Your goal: Each entry that follows is to be duplicated exactly, without its images.

Records supplied:
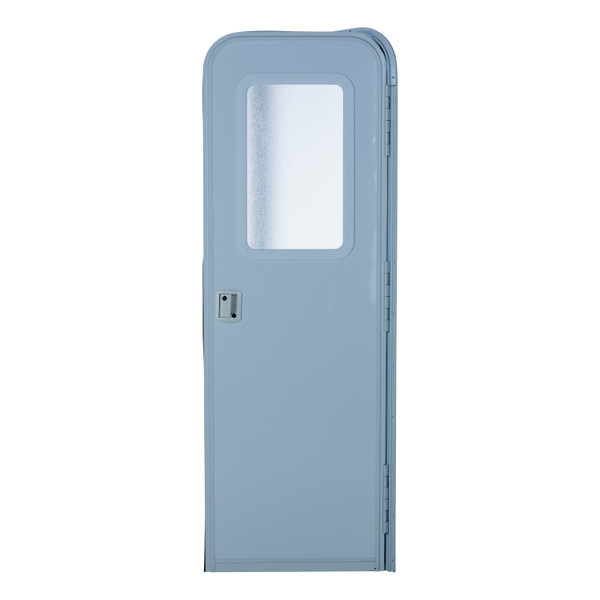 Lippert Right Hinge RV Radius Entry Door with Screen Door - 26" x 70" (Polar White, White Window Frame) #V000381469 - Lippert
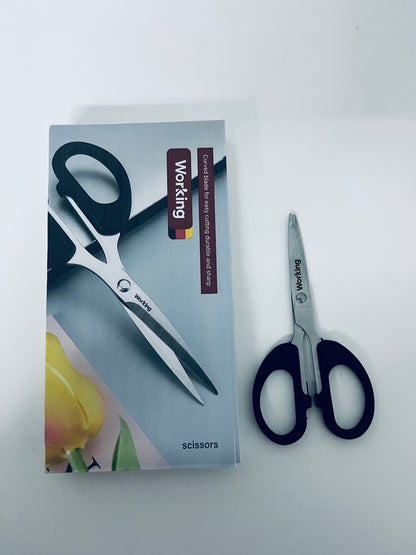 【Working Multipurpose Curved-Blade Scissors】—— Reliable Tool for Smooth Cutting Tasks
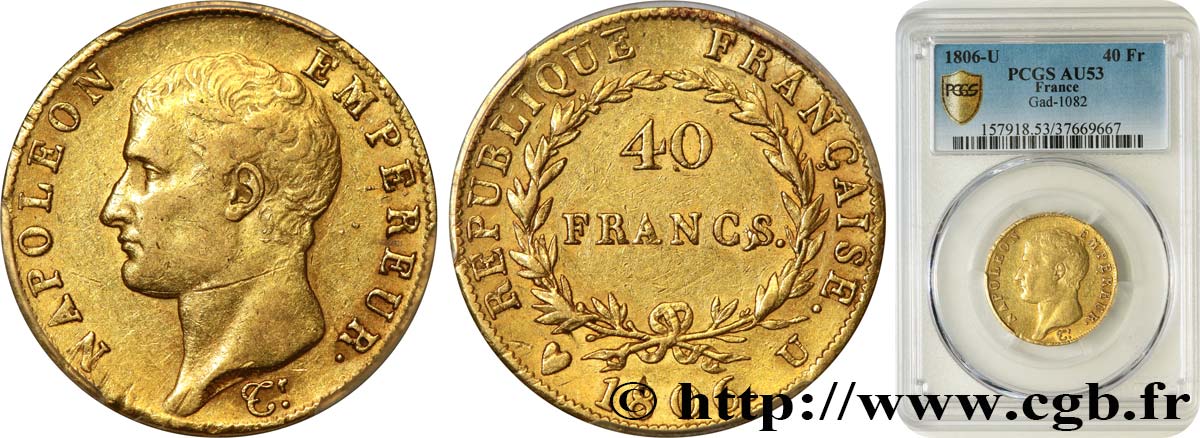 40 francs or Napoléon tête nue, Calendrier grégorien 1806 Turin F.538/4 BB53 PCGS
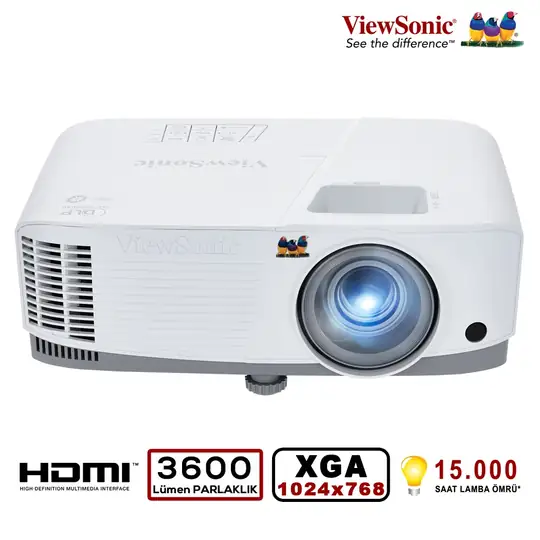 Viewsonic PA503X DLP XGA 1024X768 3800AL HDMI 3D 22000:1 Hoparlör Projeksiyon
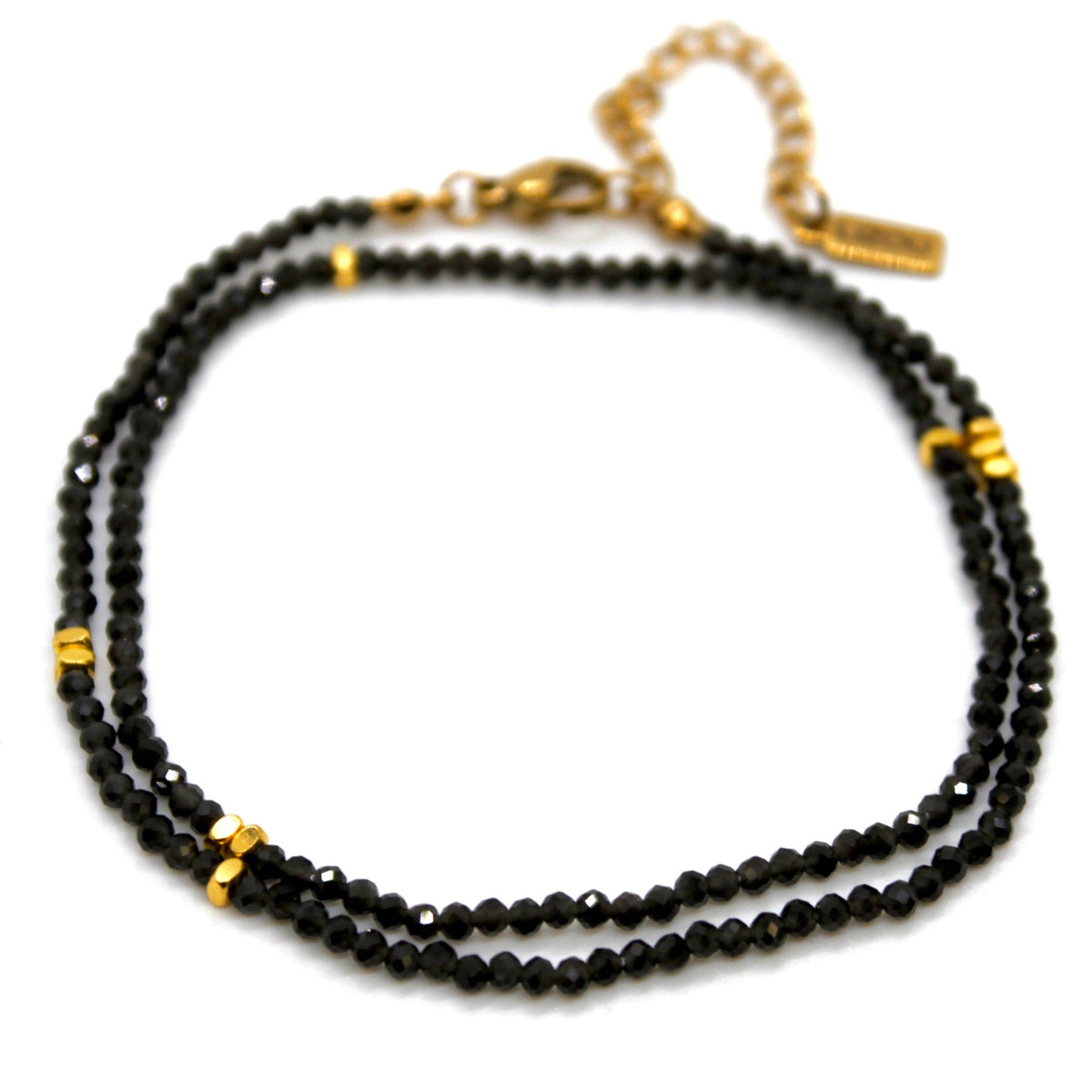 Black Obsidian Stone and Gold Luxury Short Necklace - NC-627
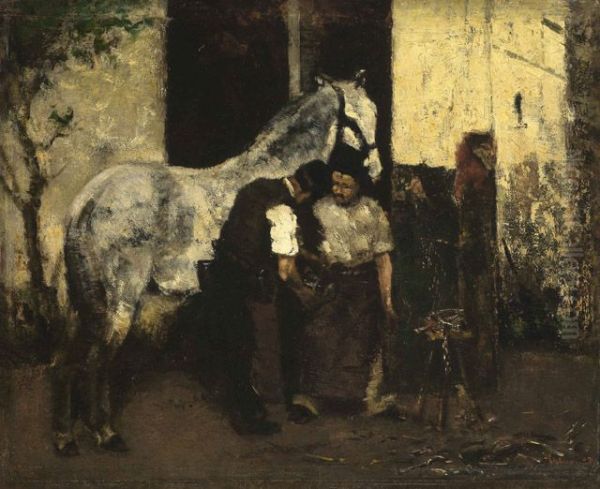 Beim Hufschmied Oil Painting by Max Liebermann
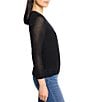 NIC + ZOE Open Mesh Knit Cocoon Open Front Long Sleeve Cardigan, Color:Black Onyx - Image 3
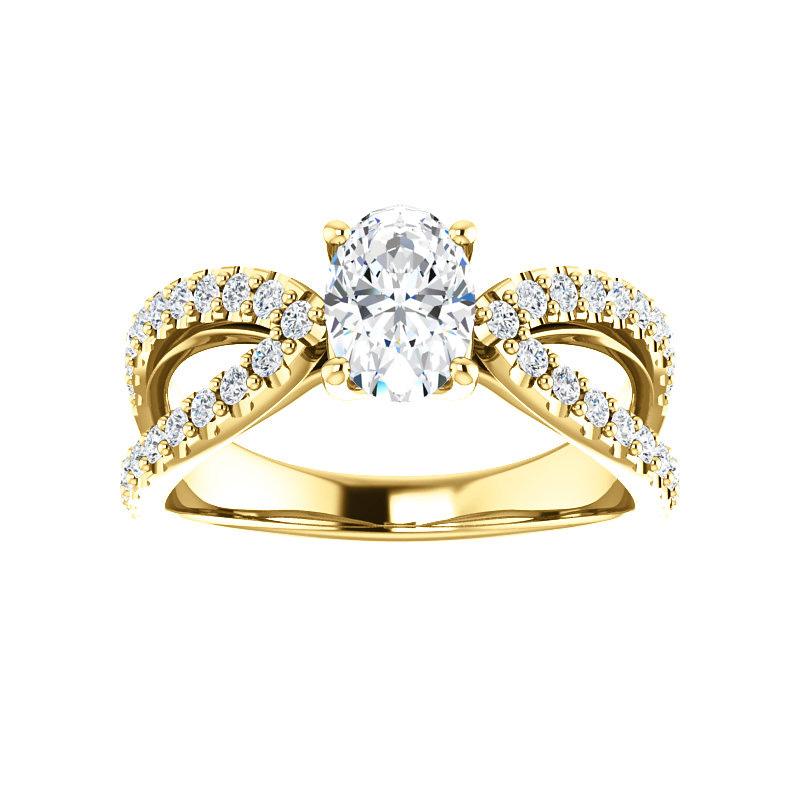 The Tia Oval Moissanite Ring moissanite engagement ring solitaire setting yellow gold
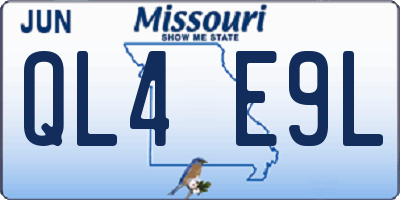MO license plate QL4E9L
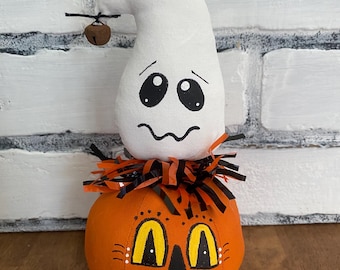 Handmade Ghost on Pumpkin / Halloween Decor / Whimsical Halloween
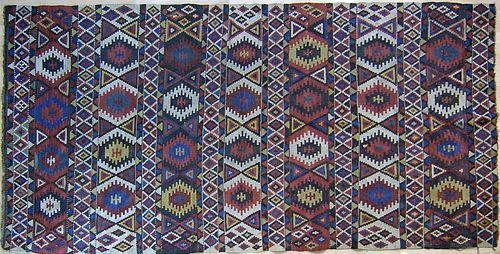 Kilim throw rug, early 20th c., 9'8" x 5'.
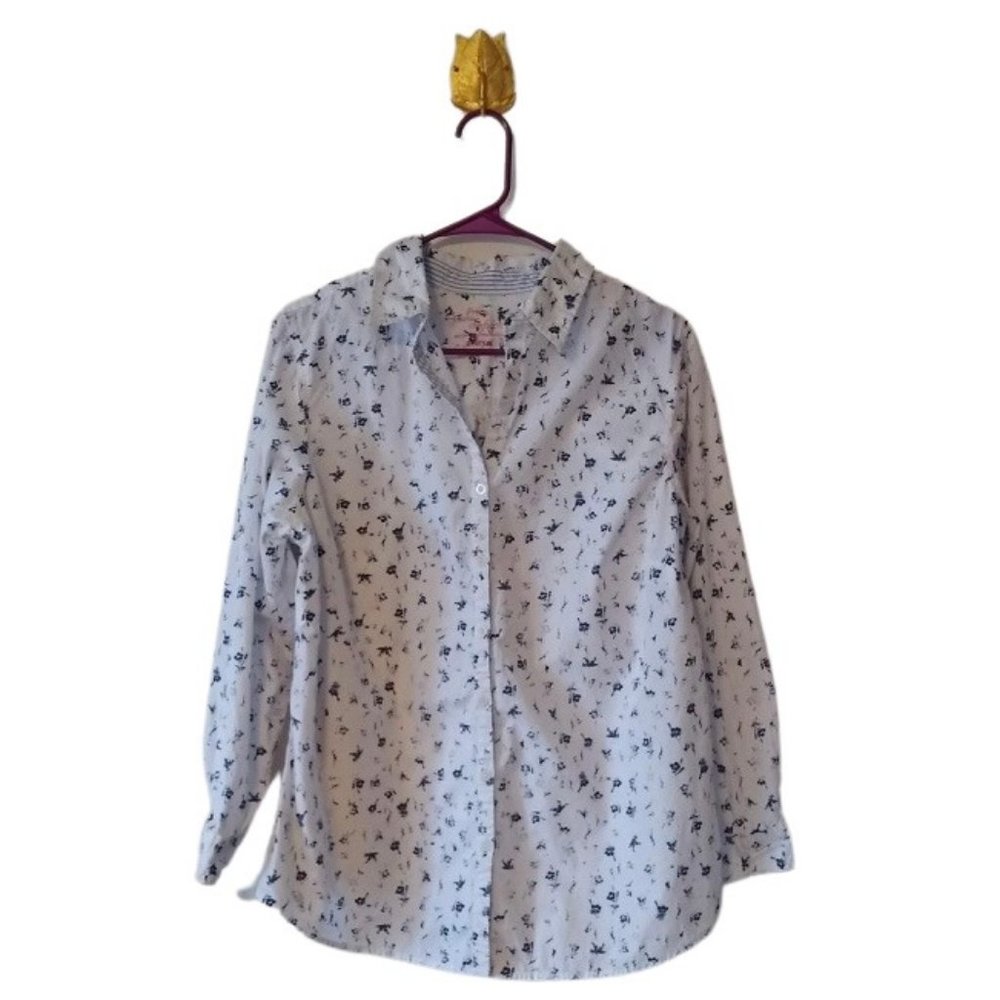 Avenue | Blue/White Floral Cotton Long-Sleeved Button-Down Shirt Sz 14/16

Answer for this exercise:
 Lippert Right Hinge RV Radius Entry Door with Screen Door - 26" x 70" (Polar White, White Window Frame) #V000381469 - Lippert
 【Working Multipurpose Curved-Blade Scissors】—— Reliable Tool for Smooth Cutting Tasks
 40 francs or Napoléon tête nue, Calendrier grégorien 1806 Turin F.538/4 BB53 PCGS
 Viewsonic PA503X DLP XGA 1024X768 3800AL HDMI 3D 22000:1 Hoparlör Projeksiyon
 Black Obsidian Stone and Gold Luxury Short Necklace - NC-627
 Beim Hufschmied Oil Painting by Max Liebermann
 NIC + ZOE Open Mesh Knit Cocoon Open Front Long Sleeve Cardigan, Color:Black Onyx - Image 3
 The Tia Oval Moissanite Ring moissanite engagement ring solitaire setting yellow gold
MO license plate QL4E9L
 Handmade Ghost on Pumpkin / Halloween Decor / Whimsical Halloween
 Kilim throw rug, early 20th c., 9'8" x 5'.
 Avenue | Blue/White Floral Cotton Long-Sleeved Button-Down Shirt Sz 14/16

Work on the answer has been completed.